__Excerpts from a dataset__.
**********

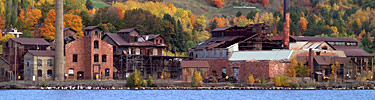 Autumn leaves provide a backdrop for the Quincy Smelting Works located along Portage Lake across from Houghton, Michigan. Autumn leaves provide a backdrop for the Quincy Smelting Works located along Portage Lake across from Houghton, Michigan.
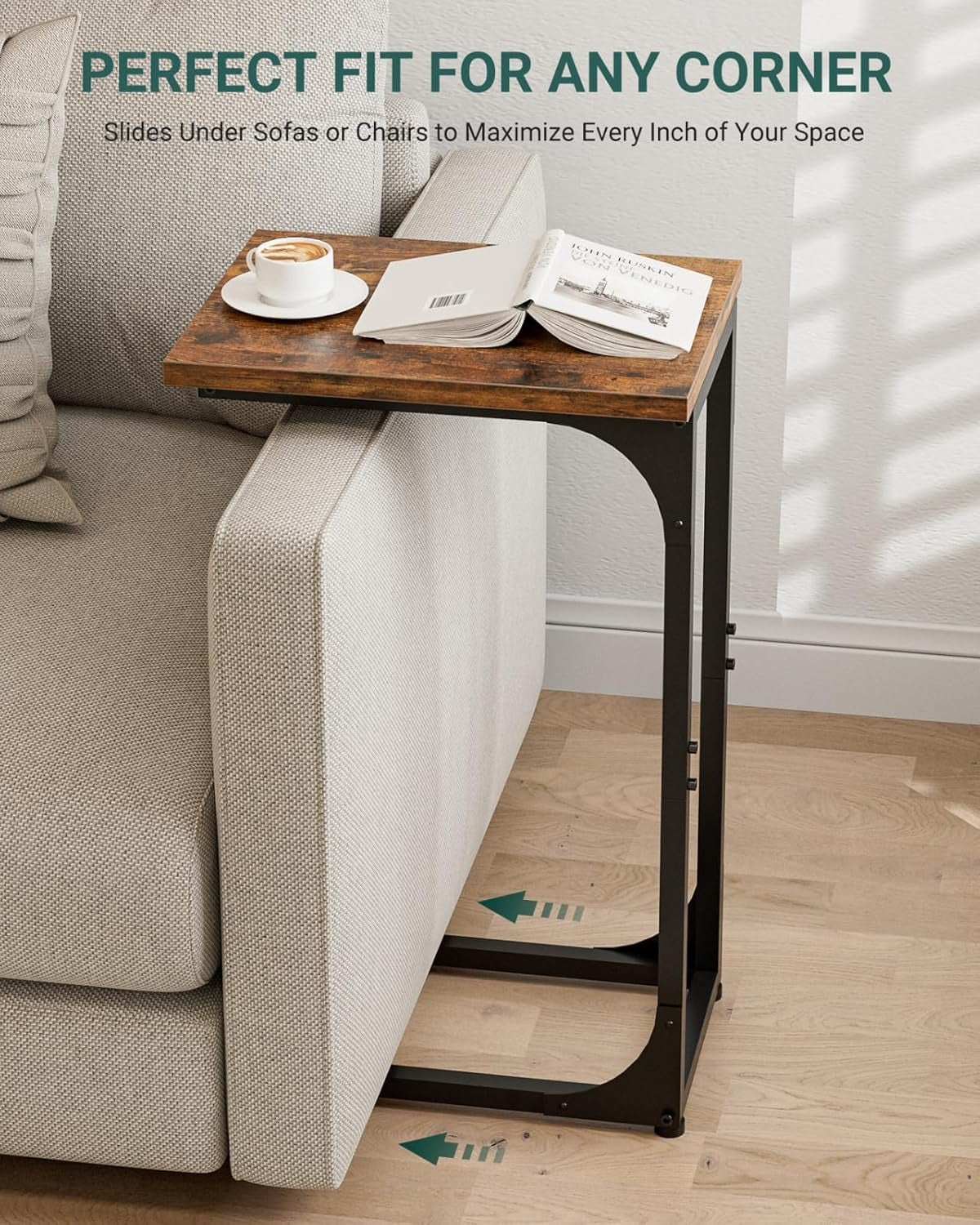 Side view of the table slid over a sofa arm showing the base sliding under seating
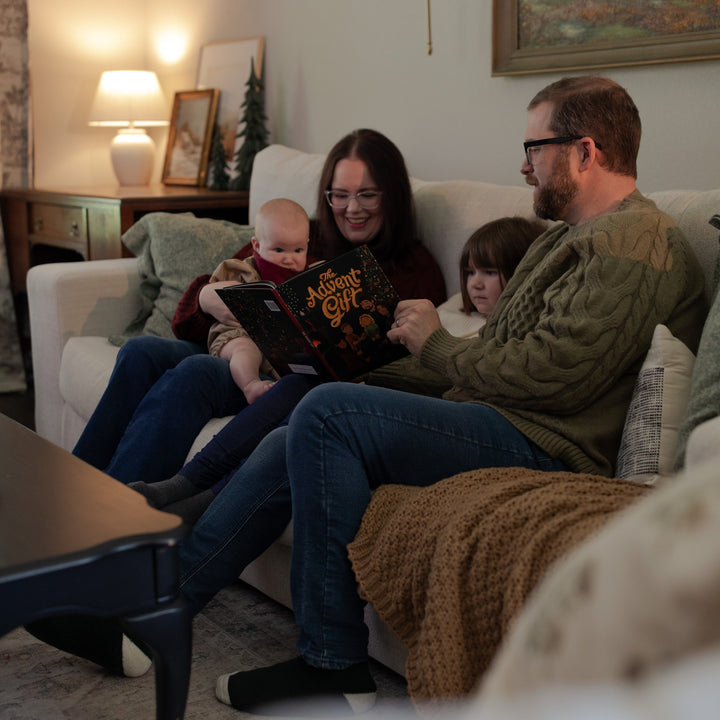 Family sitting on a couch in a living room reading The Advent Gift book together.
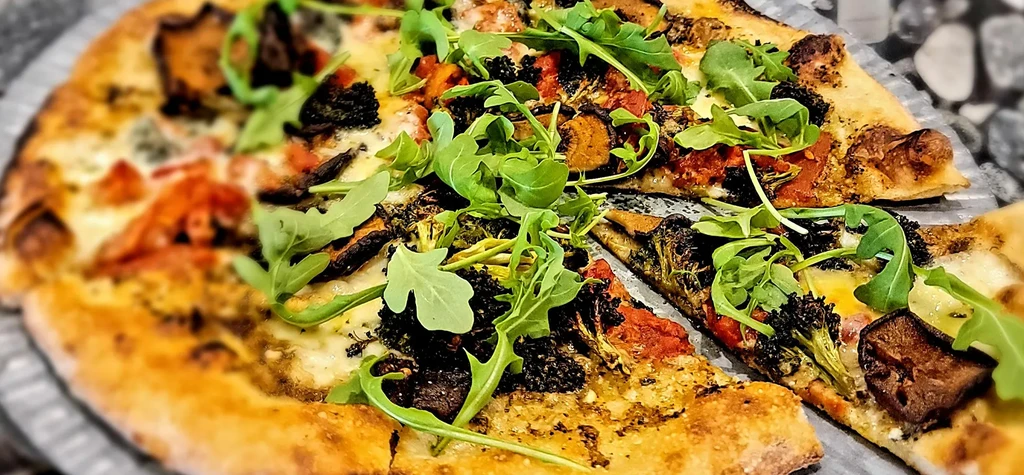 Overhead view of a partially eaten pizza with various vegetable toppings.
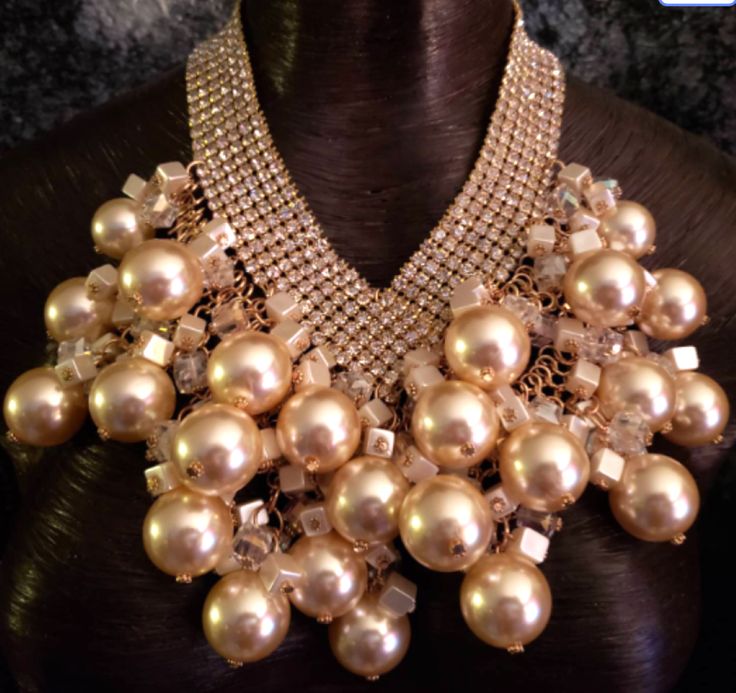 This sexy, Hollywood glamour massive bib statement necklace is a vintage piece from my personal collection. It has enjoyed many a black tie event but now it needs a new home. I will point out that it is missing one rhinestone and jump ring in the back which could easily be repaired by a jeweler. This flaw is built into the price point. The faux pearls are off white with a gold undertone. Scattered among them are clear and creamy lustrous cubes. These are attached to a rhinestone bib which adjusts from 18-21" and has a gold tone lobster claw clasp and 3" extender chain. Overall the piece is in EXCELLENT vintage condition with the exception of the noted flaw. Presented by Kat Kouture. Necklaces Inspiration, Rocker Chic Accessories, Oversized Necklace, Celebrity Stylist, Unique Pendant Necklace, Necklace Art, Statement Bib Necklace, Chest Piece, Mermaid Necklace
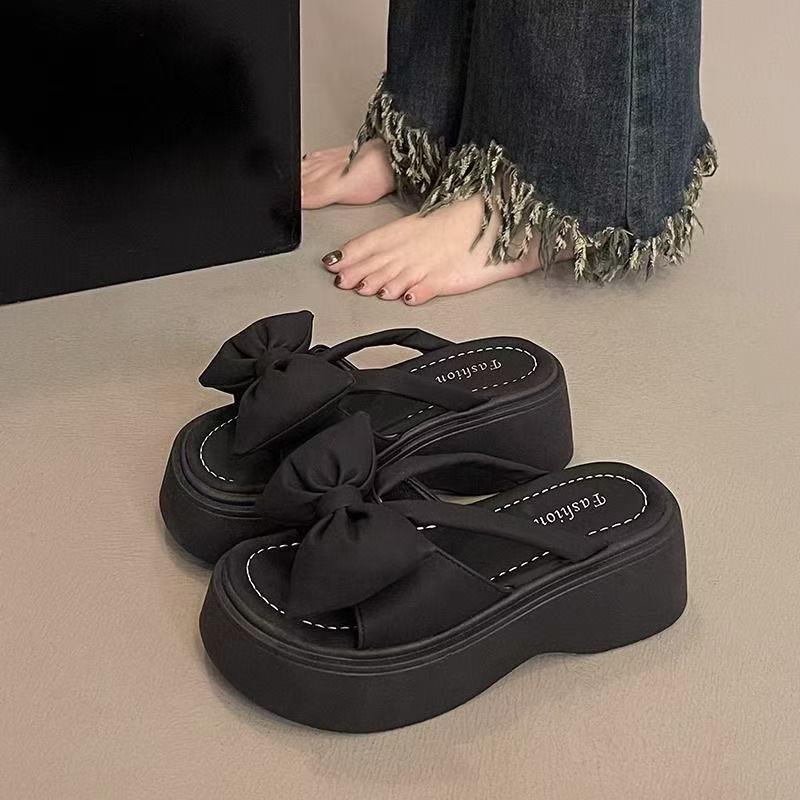 

Bow thick bottom heightening 7CM slippers women s summer wear fashion fairy style 2025 new one-word sandals 35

**********

__Task description__. Copy the records above exactly, from the first line through the line containing "Side view of", and leave out the pictures.

__Task result__.
 Autumn leaves provide a backdrop for the Quincy Smelting Works located along Portage Lake across from Houghton, Michigan. Autumn leaves provide a backdrop for the Quincy Smelting Works located along Portage Lake across from Houghton, Michigan.
 Side view of the table slid over a sofa arm showing the base sliding under seating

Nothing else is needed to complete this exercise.